Shippers as well are facing challenges they’ve never dealt with before. John Janson is director of global logistics for Issaquah, Washington-based SanMar, one of the nation’s largest manufacturers and distributors of customized apparel and accessories. Multiple clients have canceled gatherings and events, impacting sales of SanMar’s traditional hats, T-shirts, and other custom-logoed apparel. In response, the company has pivoted “from making T-shirts and launched into production of masks, gowns, and scrubs,” Janson notes.
For Janson, the pandemic’s disruption has required adjustments. With social distancing came the question of “how do we work so there’s the least amount of physical interaction [with drivers], get their paperwork signed, and [get them] in and out of our facilities as fast as possible,” he notes.
He continues to see his carriers as a vital extension of the customer experience. “Customers develop a personal relationship with their driver who comes into their business every day. It’s a key factor in [which parcel carrier] they use. It will be interesting to see how this relationship evolves in the ‘new normal.’ Will it become more sterile? I hope not, but I think there will be some adjustment.”

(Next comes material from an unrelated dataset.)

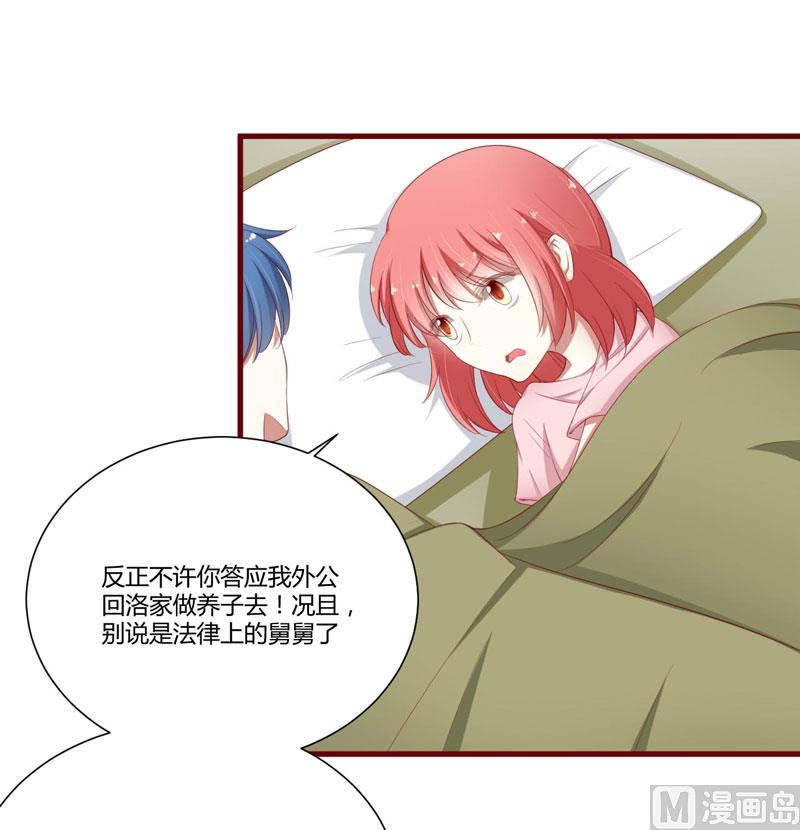第41话 我们私奔吧0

One key lesson that the pandemic has reinforced for Janson is the enduring value of a shipper’s relationship with the carrier. “It’s more important than ever. Building strong relationships in the good times pays off in the bad times,” he notes.
As volumes have plummeted, the dropoff has challenged SanMar’s ability to live up to its contractual volume commitments with carriers. As a result, “we are working with our core providers and saying, ‘Let’s hit the pause button’ and see what comes out the other end,” Janson says. “You don’t get that [support] unless you have invested the time and energy to build those relationships in the first place.”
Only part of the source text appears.